W poniedziałek Brentford pokonało Liverpool w meczu 19. kolejki Premier League. Bardzo duże obiekcje co do pracy sędziów ma szkoleniowiec „The Reds”, Juergen Klopp.
Obie drużyny przystąpiły do poniedziałkowej rywalizacji w dobrych humorach. Gospodarze po zakończeniu przerwy spowodowanej rozgrywaniem mundialu w Katarze zremisowali z Tottenhamem i wygrali z West Hamem. Liverpool zaprezentował się natomiast jeszcze lepiej, pokonując Aston Villę oraz Leicester City.
Zawodnicy z Gtech Community Stadium po raz kolejny w tym sezonie sprawili niespodziankę i odprawili z kwitkiem wyżej notowanego rywala. Podopieczni Thomasa Franka wygrali 3:1 i zbliżyli się na 4 punkty do miejsca premiowanego grą w europejskich pucharach. Powody do niezadowolenia ma natomiast Juergen Klopp.

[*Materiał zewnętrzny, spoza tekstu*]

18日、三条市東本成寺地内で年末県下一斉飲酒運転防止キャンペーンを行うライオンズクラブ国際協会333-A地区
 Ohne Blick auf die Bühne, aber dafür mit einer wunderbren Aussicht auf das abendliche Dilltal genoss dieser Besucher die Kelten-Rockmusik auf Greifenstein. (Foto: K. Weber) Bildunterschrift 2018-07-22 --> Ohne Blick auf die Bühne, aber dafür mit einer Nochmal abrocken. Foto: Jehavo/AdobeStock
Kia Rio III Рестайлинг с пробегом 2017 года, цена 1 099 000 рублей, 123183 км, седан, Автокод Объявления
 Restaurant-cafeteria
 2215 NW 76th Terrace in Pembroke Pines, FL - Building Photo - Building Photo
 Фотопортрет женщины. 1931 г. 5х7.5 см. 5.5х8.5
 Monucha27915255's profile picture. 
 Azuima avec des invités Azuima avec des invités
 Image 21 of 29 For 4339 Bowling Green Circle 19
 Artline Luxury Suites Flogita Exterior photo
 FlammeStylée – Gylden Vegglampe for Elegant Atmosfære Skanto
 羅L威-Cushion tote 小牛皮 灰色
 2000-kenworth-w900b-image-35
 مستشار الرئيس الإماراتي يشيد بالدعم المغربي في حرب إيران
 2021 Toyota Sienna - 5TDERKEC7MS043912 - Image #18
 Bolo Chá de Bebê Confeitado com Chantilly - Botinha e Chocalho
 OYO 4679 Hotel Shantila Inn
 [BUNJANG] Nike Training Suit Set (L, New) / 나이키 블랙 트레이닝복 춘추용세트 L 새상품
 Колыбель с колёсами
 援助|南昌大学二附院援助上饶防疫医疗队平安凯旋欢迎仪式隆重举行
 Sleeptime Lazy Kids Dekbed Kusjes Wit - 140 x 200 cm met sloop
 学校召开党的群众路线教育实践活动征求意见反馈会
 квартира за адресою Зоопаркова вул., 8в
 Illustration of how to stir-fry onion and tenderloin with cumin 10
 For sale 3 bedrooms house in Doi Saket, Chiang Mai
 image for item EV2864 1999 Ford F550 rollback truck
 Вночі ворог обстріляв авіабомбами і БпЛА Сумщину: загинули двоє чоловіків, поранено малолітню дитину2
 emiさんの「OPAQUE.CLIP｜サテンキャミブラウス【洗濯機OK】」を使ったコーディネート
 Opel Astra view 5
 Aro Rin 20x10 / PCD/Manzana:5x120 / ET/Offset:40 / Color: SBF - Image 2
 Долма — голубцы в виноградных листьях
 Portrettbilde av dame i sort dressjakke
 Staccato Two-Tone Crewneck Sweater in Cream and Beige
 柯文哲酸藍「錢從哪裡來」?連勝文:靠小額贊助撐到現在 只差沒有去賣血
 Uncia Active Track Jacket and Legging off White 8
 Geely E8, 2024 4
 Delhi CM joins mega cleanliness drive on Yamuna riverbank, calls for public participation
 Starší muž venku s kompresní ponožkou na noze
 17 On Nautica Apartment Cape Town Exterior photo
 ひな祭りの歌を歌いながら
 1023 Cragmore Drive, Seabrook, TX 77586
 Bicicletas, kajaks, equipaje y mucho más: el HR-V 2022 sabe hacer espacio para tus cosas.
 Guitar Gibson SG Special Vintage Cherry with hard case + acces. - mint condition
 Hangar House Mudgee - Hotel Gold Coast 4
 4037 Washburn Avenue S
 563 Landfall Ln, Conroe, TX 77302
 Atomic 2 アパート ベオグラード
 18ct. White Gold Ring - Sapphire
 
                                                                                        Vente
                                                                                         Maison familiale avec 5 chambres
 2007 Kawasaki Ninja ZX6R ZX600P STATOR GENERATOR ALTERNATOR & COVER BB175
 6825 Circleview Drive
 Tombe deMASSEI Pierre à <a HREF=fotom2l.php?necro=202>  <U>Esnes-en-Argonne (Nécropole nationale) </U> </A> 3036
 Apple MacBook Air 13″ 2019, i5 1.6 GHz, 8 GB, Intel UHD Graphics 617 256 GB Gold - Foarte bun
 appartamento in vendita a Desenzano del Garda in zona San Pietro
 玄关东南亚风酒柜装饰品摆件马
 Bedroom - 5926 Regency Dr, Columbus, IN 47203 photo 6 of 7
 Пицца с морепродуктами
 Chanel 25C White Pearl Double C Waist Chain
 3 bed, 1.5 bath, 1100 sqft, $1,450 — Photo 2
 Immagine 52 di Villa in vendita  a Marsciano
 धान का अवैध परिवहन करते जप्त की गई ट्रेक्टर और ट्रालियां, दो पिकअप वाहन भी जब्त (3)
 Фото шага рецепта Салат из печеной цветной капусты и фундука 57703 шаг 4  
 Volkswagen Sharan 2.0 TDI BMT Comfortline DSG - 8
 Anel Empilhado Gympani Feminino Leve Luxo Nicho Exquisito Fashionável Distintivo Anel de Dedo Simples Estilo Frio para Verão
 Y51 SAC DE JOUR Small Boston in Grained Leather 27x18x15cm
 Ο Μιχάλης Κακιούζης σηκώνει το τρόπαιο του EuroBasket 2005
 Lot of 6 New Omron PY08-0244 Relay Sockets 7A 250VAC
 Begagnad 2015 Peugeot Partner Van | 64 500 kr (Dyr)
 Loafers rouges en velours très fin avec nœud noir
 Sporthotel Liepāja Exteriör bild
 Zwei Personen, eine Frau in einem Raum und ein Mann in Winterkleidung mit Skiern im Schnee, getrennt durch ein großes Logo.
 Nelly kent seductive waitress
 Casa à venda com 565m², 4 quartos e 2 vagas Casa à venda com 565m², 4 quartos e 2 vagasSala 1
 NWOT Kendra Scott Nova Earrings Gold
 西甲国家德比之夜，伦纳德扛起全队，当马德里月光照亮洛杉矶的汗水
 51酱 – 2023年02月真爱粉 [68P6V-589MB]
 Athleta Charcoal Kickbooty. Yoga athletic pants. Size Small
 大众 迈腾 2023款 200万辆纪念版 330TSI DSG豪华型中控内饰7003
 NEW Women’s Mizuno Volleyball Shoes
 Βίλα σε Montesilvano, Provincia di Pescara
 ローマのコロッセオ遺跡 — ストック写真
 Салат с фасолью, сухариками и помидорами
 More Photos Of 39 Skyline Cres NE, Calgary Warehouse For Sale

„The Reds” nie zagrali wyjątkowo słabe zawody i nie wykorzystali potknięcia poprzedzającego ich Tottenhamu. Niemiecki trener ma wielkie zarzuty co do postawy sędziów. Według Kloppa gol na 3:1 dla Brentford nie powinien zostać uznany.
– Trzeci gol nie powinien być golem, to takie proste! Próba porozmawiania o tym z sędziami jest jak próba porozmawiania z moją kuchenką mikrofalową – mówił wściekły szkoleniowiec w pomeczowym wywiadzie.
– Brentford mogło dyktować warunki na boisku z powodu tego, jak mecz został posędziowany – dodał.